Pero lo que quiero contar es mi esperada cita con uno de ellos. Le quería pedir cuentas de algo que sucedió desde que llegaron al pueblo. Cómo es la vida, mi interlocutor y exsacerdote es Bieito Ledo, un editor de prestigio. Dirigió Galaxia y fundó una editorial clave para Galicia. Allí llevó a cabo su gran obra, la primera Enciclopedia Galega Universal.

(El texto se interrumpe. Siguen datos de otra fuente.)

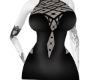 Black dress with tatts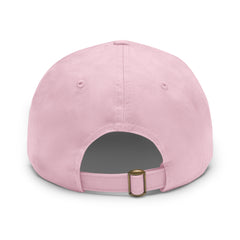 Dad Awesome Hat with Leather Patch (Rectangle)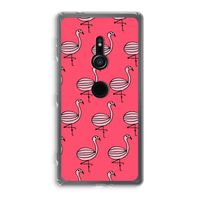 Flamingo: Sony Xperia XZ2 Transparant Hoesje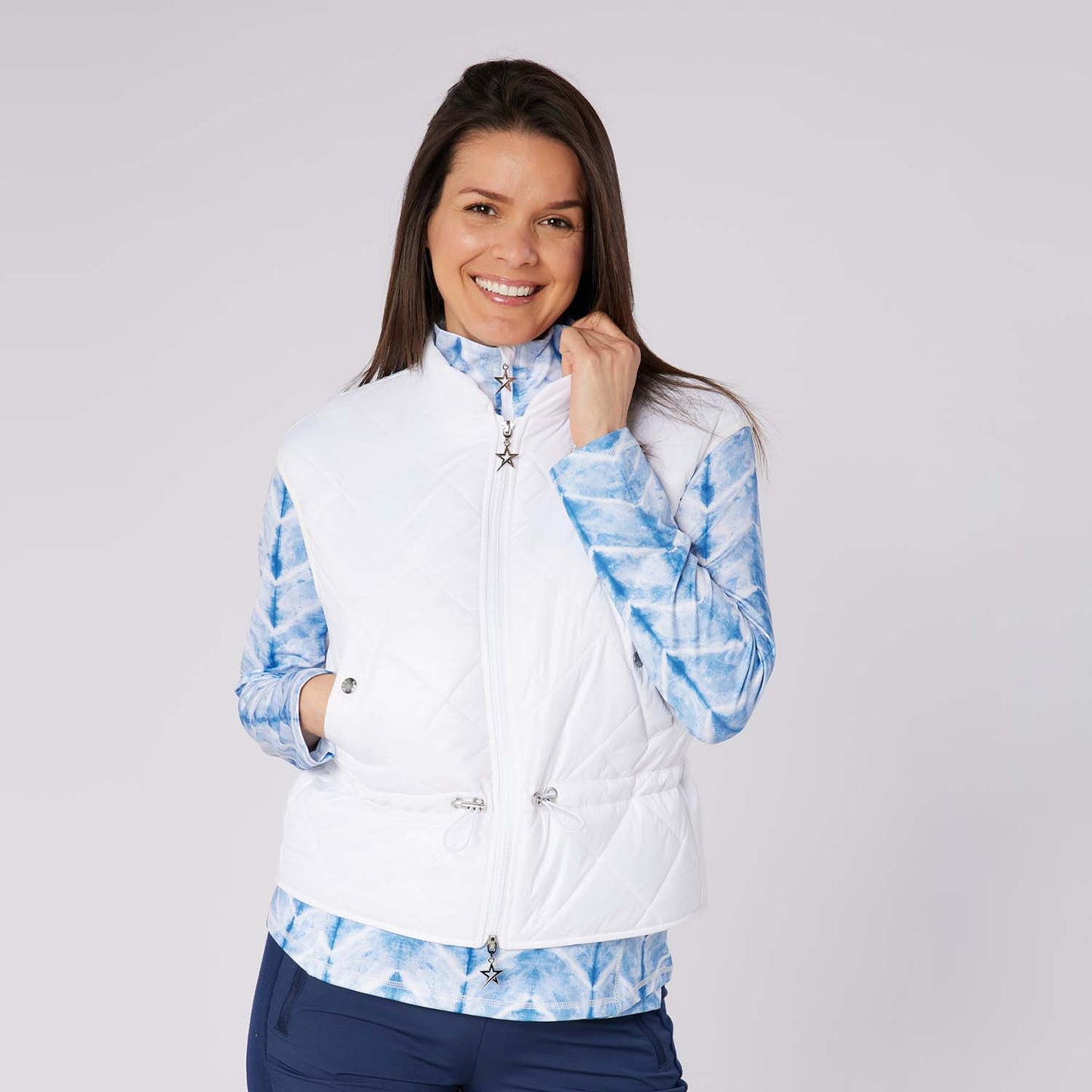 Swing Out Sister Ladies Lightweight Gilet with Contemporary Style & Flattering Silhouette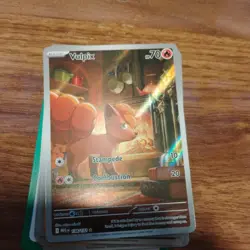 2025 Pokemon TCG - Vulpix - 138/132 Me01 Mega Evolution Holo Rare Full Art NM+ - Image 1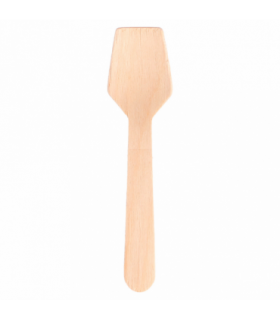 Cucharilla helado de madera natural 9,5 cm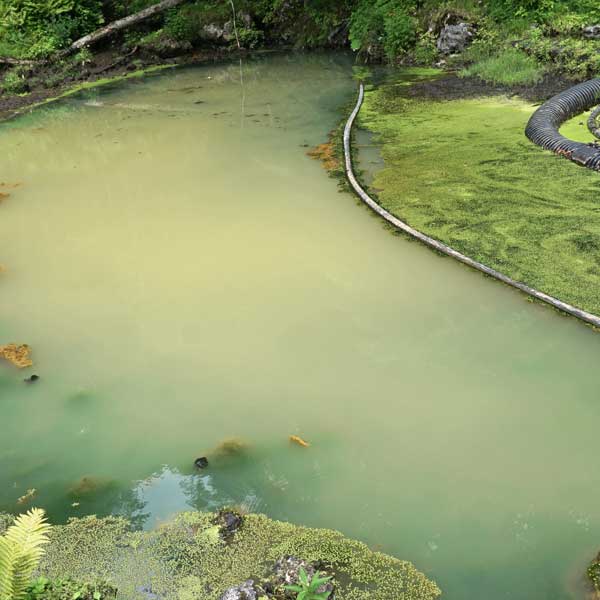 オンネトー湯の滝 取水堰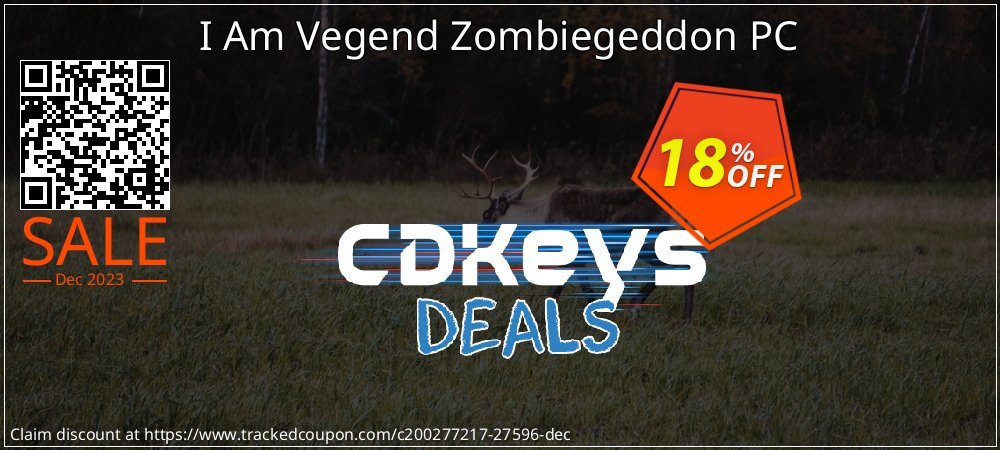 I Am Vegend Zombiegeddon PC coupon on World Party Day offering sales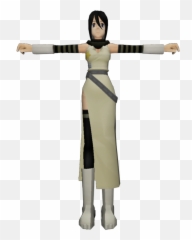 Wii - Soul Eater Monotone Princess Tsubaki Nakatsukasa 3d Model png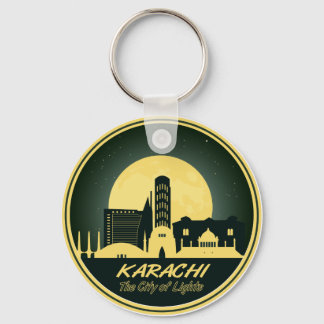 KARACHI STAD LJUS NYCKELRING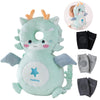Feidoog Baby Head Protector Cushion Backpack with 3 Knee Pads for Walking & Crawling,Blue Dragon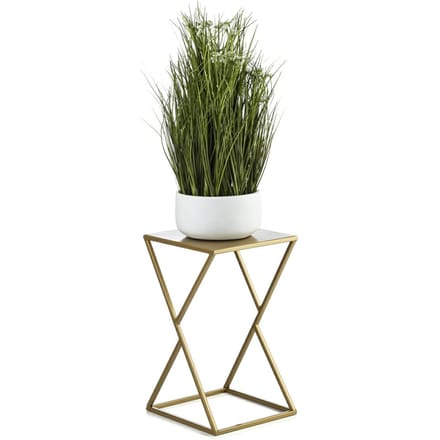 LoftPlant Modern - Plantenstandaard - Modern loftdesign - Staalconstructie - Goudkleurig - 40 cm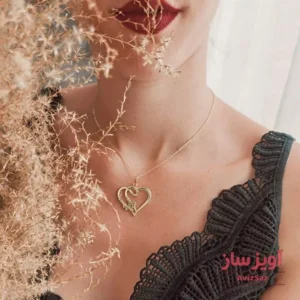 گردنبند قلب عاشقانه کد 100156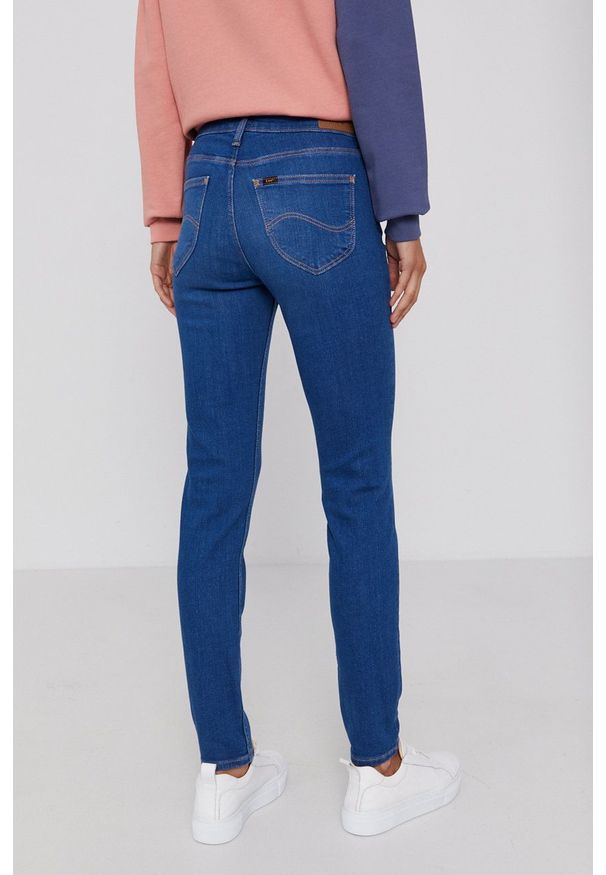 Lee Jeansy Scarlett damskie medium waist. Kolor: niebieski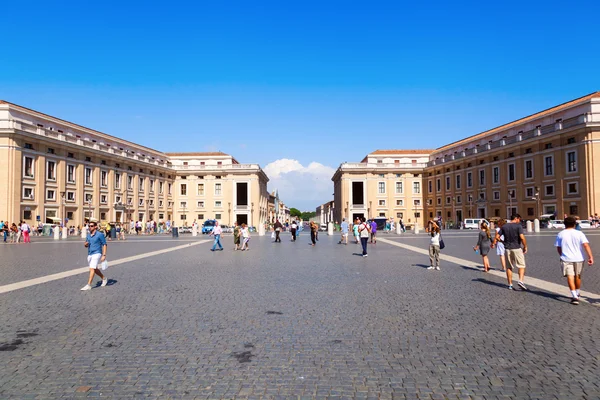 St Peters Meydanı Roma, İtalya — Stok fotoğraf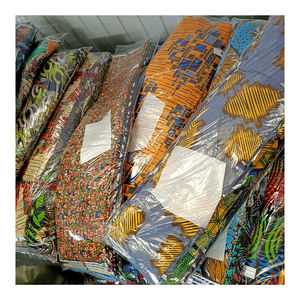 Telas de Batik Africanas de Grandes Marcas, 100% Algodón, Estampadas por Ambos Lados, Lote de Existencias, Tela de Cera Barata - Product Image 6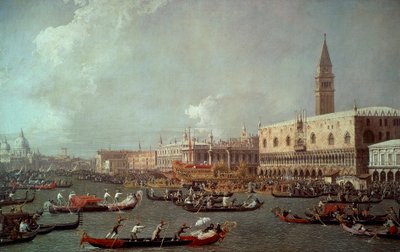 Il ritorno del Bucintoro al molo il giorno dell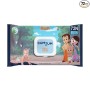 Bumtum Baby Chota Bheem Gentle Soft Moisturizing Wet Wipes With Lid | Aloe Vera & Chamomile Extracts | Paraben & Sulfate Free (Pack of 1, 72 Pcs. Per Pack)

En la comida comenzamos a hablar riendo: “Nuestras generaciones viven en la desesperación de asistir a los últimos años de la escritura”. Pronto fui al grano: “Te invito a hacer una reflexión de aquellos años. Quizás vuestra labor fue buena pero he de deciros que fuisteis muy despectivos con mi ya muy anciano tío. No le disteis comprensión ni caridad cristiana. Tengo para mí que escasas veces o nunca le visitasteis. Incluso alguno de vosotros tres lo atacó con saña. Aún hoy persiste como una oscura leyenda sobre mi tío en parte de la aldea”. Llegados a este punto, Bieito se queda pensativo y me dice: “Estuvimos dos años en Arzádegos. Después, los tres abandonamos el sacerdocio. Tengo que reflexionar, te invito a que vengas a mi pueblo, a mi casa en Padroso donde paso estos días”.

Cuando visito su tumba me desazona una intensa melancolía. Cierto es que en su entierro yo era muy joven y, recordando a Jorge Manrique, le recité un poema parando el cortejo ante la mirada sorprendida de altos prebostes.

(Allá me fui a Padroso con el fotógrafo Plácido L. Rodríguez, a quien acaba de editarle “O río Arnoia”, un deslumbrante libro de fotografías desde el nacimiento hasta la desembocadura del río. Al llegar a su casa que da al camino de los peregrinos, recordé el consejo de Eurípides: “Las cosas graves se expresan brevemente”. Conque allí nos preparó una comida con productos de sus huertas. Bebimos buen licor café. Paseamos por aquel paraje lleno de misterio, abrazamos un “castiñeiro” de cientos de años. Después, ya a la puerta del coche me dijo: “Cuando llegamos a Arzádegos en el 69 éramos muy jóvenes y rebeldes. Cierto es, creo que ni siquiera visité a tu tío en los dos años que estuve allí. Ay, no le dimos calor ni comprensión”.

El coche arranca. Ahora asoman sus ojos sabios: “¿Sabes? Cuánto me gustaría creer, pero ya no creo. Te prometo que iré a Arzádegos… a rescatarlo”).